Lettre ouverte par Karl Blackburn, président et chef de la direction du CPQ, publiée le 16 janvier 2023 dans La Presse.
Au début de décembre, le gouvernement du Québec a déposé, comme promis, son projet de loi no 2 pour limiter la hausse des tarifs pour les clients d’Hydro-Québec. La mesure qui cadre avec le bouclier anti-inflation présenté en campagne électorale limiterait l’augmentation à 3 %. Et pour cause, l’objectif est tout à fait louable et apprécié en période d’inflation et de resserrement économique.
S’il s’agit d’une bonne nouvelle pour les familles et les citoyens qui ont besoin de souffler, la réalité est tout autre pour les entreprises qui sont écartées du projet de loi. Si ce dernier est adopté tel quel, la majoration du tarif serait entre 4,2 % et 6,4 % au 1er avril 2023. Pour un employeur, qu’il soit petit ou grand, cela représente des milliers, voire des millions de dollars, qu’il faudra absorber d’une manière ou d’une autre.
Les entreprises en ont déjà plein les bras avec la pénurie de main-d’œuvre, l’instabilité des chaînes d’approvisionnement, la hausse du coût des transports et des matériaux et la concurrence féroce à l’international. Dans certains cas, la hausse des coûts de fonctionnement les force à refiler la facture aux consommateurs. Dans d’autres cas, ce sont les marges de profit qui ont fondu. De plus, plusieurs employeurs sortent d’une pandémie avec de lourdes dettes qu’ils n’ont pas encore réussi à éponger.

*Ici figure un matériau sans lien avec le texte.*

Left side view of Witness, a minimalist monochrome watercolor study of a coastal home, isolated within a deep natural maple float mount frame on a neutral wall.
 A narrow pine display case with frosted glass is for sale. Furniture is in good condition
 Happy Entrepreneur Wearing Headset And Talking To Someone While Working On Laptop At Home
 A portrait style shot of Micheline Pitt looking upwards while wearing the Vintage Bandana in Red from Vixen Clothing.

Alors qu’on fait face à beaucoup d’incertitude économique, est-ce vraiment le moment opportun pour leur imposer une telle hausse?
Est-ce possible de réduire l’augmentation tarifaire proposée pour les entreprises, d’envisager un sursis ou, au minimum, une augmentation graduelle qui soit raisonnable?
L’inflation est évidemment un problème complexe qui se répercute sur tout le monde, le gouvernement y compris. Elle nous oblige à faire des choix déchirants. Mais chose certaine, la spirale inflationniste semble ralentir.
À l’approche des consultations particulières du projet de loi 2, le message du milieu des affaires québécois se doit d’être entendu : il nous faut de la prévisibilité, de la certitude et de la durabilité! Les décisions d’investissement et les stratégies sont basées sur ces composantes essentielles pour mener à bien notre croissance.
Dans une analyse présentée en décembre dernier pour évaluer la prospérité économique du Québec, le Conseil du patronat donnait justement la note de C pour l’environnement d’affaires. La pression fiscale est déjà lourde sur les entrepreneurs. On peut faire mieux, on doit faire mieux. Est-ce qu’on peut leur donner une chance de réussir au Québec?